Le mot “nation” discrètement introduit et surtout son contenu
En outre, cette Constitution ne peut être suspendue. Et elle ne peut être révisée que par les Parlementaires wallons. Répétons que ce texte qui n'est pas audacieux a le mérite immense - s'il était adopté - d'empêcher toute fusion avec la Communauté Wallonie-Bruxelles (déjà rendue difficile par la Constitution fédérale elle-même), tout en inaugurant des rapports avec Bruxelles qui, sans doute, respectent la Constitution belge, mais fondent aussi, par rapport à elle, un fait nouveau. Cette proposition est offensive sur certains points. Elle utilise les mots « nation » (à propos de la Fête de la Wallonie définie comme “la fête de la nation wallonne”) et « République » certes discrètement et sans « scandale », et jamais le mot « roi ».
Rédiger une Constitution est toujours un acte politique important. La Wallonie est un Etat dont le mouvement wallon a toujours voulu la consécration dans le but de redresser la Wallonie. Plus l'Etat wallon sera fort, mieux ce sera de ce point de vue qui n'intéresse pas que les juristes, mais tout citoyen soucieux, notamment, de la plaie du chômage et de celle de la xénophobie. Le texte constitutionnel wallon ne va pas rendre ces deux maux impossibles, mais il fait solennellement obligation aux citoyens de ne pas les accepter.

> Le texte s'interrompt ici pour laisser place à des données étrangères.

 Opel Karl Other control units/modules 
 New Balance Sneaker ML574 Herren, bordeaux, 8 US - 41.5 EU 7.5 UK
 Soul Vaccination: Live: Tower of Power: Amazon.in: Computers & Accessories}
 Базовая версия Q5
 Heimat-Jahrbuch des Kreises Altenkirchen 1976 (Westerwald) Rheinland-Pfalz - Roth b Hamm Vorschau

On imagine bien que beaucoup y verront un acte symbolique, une pure déclaration de principes. N'empêche que pour le mouvement wallon, voir ses exigences gravées dans le texte d'une Constitution, cela représente quelque chose qui n'est en rien anodin. En outre, la Constitution révèle à lui-même un Etat wallon encore assez peu perçu comme tel dans ses attributs souverains par l'opinion publique.
L'article 1er hésite sur la définition de la Wallonie comme nation mais sans reprendre le mot en souligne l'idée:
Article 1 : La Wallonie est une communauté d'hommes et de femmes dotés d'une histoire, d'une identité et d'une conscience collectives. Son incarnation politique est la Région wallonne.

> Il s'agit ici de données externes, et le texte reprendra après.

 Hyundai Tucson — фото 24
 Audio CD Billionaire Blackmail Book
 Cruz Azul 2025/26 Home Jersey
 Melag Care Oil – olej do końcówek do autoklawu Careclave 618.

Le reste du texte et sa présentation sont ici, en deux parties: http://forum.toudi.org/viewtopic.php?t=3223
et
http://forum.toudi.org/viewtopic.php?t=3224 (mon inhabileté sur Internet ne me fait pas tomber sur la meilleure adresse, en outre, en tappant “Constitution wallonne” sur Google on tombe sur le projet de 1997)

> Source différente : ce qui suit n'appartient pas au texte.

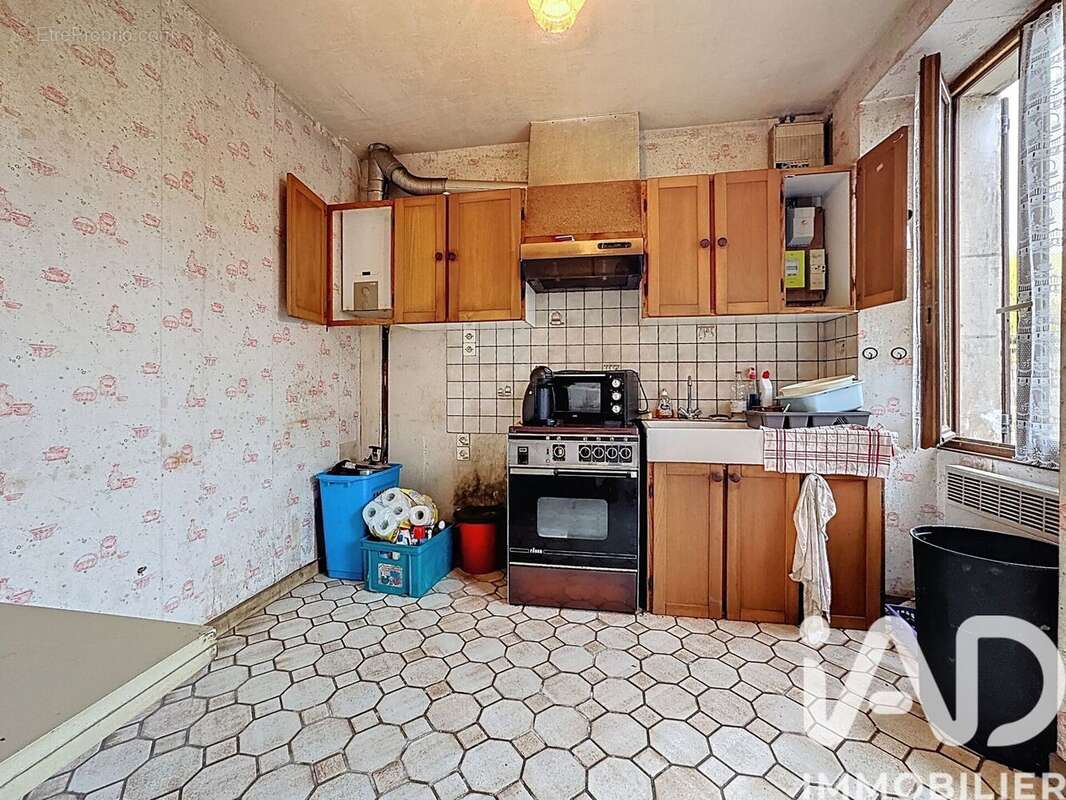 Photo 5 - Maison à AUXERRE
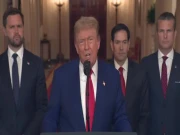 ایران اور اسرائیل مکمل جنگ بندی کے لیے تیار، صدر ٹرمپ کا دعویٰ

Réactions positives et négatives à Bruxelles
Plusieurs journaux bruxellois ont déjà réagi face à ce texte qui prône la solidarité entre Bruxelles et la Wallonie pour... regretter qu'il la rejette “implicitement”. Ce qui semble vraiment relever d'un réflexe compulsif chez certains quand une démarche concerne surtout la Wallonie sans oublier Bruxelles. D'autres sont plus nettement favorables et acceptent avec bonne foi que lorsque des parlementaires veulent inscrire dans une Constitution le principe d'une politique, c'est que ce principe est important et qu'on veillera à le respecter.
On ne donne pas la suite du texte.